Gregg Allman is Still Rockin’

BY RICK MADIGAN

ESU English Professor

 

Gregg Allman brought his band to the Sherman Theater in downtown Stroudsburg on Tuesday, October 29, and his powerful and moving performance demonstrated that, despite his recent health problems, he is still one of our most vital blues performers.

The raucous and friendly crowd at the Sherman put Allman at his ease right away, and he did not disappoint his many enthusiastic fans.

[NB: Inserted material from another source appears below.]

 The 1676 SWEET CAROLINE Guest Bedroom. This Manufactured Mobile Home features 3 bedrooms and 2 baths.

His generous and extended set featured a combination of well-known tunes from the “Allman Brothers Band” songbook (“Statesboro Blues,” “Ain’t Wastin’ Time No More,” “Midnight Rider,” “One Way Out,” “Hot ‘Lanta,” “Melissa,” “Whipping Post”) and a selection of songs from his solo abums (“These Days,” the wonderful Jackson Browne tune Allman has made his own, “Floating Bridge” from his very good recent album, “Low Country Blues”).

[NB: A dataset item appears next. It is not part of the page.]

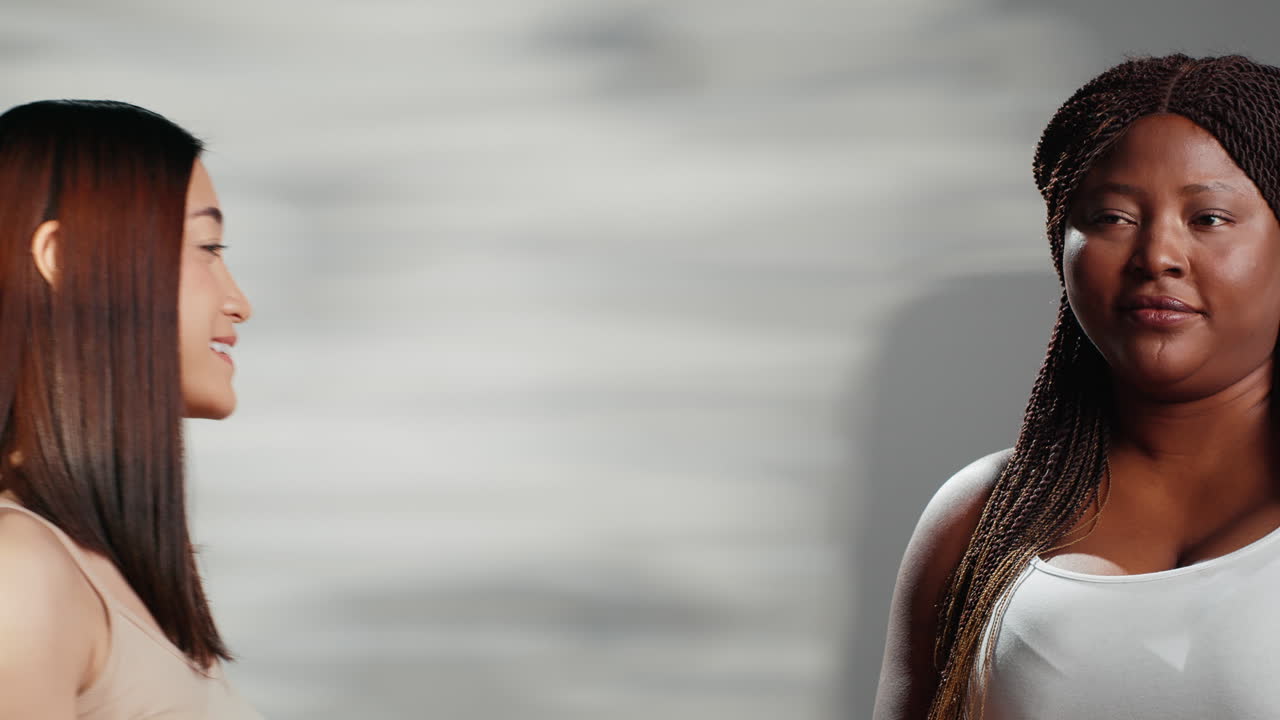 Two Diverse Women Smiling Together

Throughout the evening, Allman, 65, was energetic and in good form, playing organ and, on some songs, guitar. It was good to hear his instantly recognizable, engaging blues voice still coming through so powerfully.

Although the crowd responded most vocally to the Allman Brothers standard hits (Allman received a Lifetime Achievement Grammy in 2012 for his work with the “Allman Brothers Band”), the entire set was well received, so much so that Allman complimented the audience more than once.

“We have a good bunch here tonight,” he said at one point. “It really helps.”

His band—Scott Sharrard on guitar, Ben Stivers on keys, Steve Potts on drums, Jay Collins on saxophones and flute, Jerry Jemmott on bass, Marc Quinones on percussion—provided excellent support, and each member soloed strongly when asked to do so.

Mr. Sharrard was a stand out on guitar, and it was especially good to hear Mr. Jemmott, the legendary rhythm and blues bass player who has worked with artists such as Aretha Franklin, B. B. King, Freddie King, and King Curtis. Mr. Collins’ versatility on baritone and tenor saxophone and flute was put to good and tasteful use throughout the evening.

By the end of the night, the affectionate crowd was dancing in the aisles, and some fans sang along with the famous blues repertoire.

When Allman and his band came back for the obligatory encore, they seemed happy to be on stage, and played another two songs to close out the evening, jamming extensively. No one seemed in any hurry to leave.

Allman’s fans had had the chance to hear one of the great voices of American blues and rock and roll (#70 on “Rolling Stone’s” list of the 100 Greatest Singers of All Time), and at every opportunity roared their approval.